Exercise: Print, from the listing below, the lines starting at the line containing "Vivienne Westwood Women" and ending at the line containing "COTONE (1 UNITÀ)", exactly as they stand, and print nothing else.

Dataset excerpts:
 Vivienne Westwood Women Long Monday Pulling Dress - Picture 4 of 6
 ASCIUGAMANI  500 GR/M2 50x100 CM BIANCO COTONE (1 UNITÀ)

---

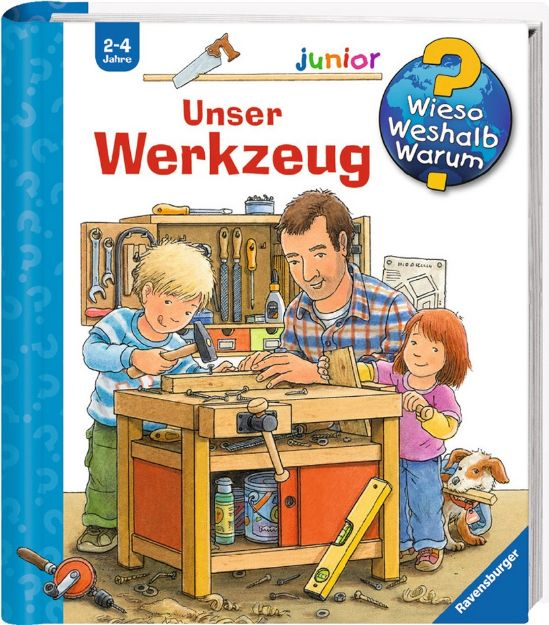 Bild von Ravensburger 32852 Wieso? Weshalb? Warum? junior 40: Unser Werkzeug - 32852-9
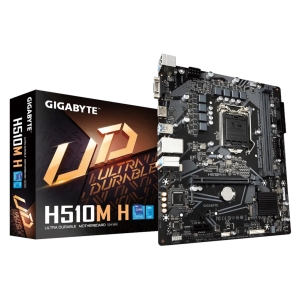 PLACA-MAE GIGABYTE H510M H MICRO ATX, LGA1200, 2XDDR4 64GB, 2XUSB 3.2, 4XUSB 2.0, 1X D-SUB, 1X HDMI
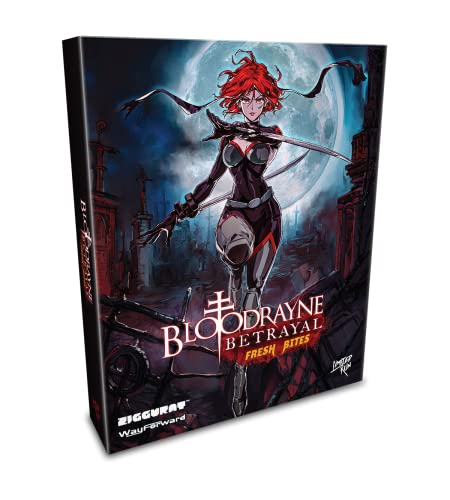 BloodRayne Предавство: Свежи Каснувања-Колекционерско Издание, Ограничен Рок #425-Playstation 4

...

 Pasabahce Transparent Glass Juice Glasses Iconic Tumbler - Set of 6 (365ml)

Written response:
 Vivienne Westwood Women Long Monday Pulling Dress - Picture 4 of 6
 ASCIUGAMANI  500 GR/M2 50x100 CM BIANCO COTONE (1 UNITÀ)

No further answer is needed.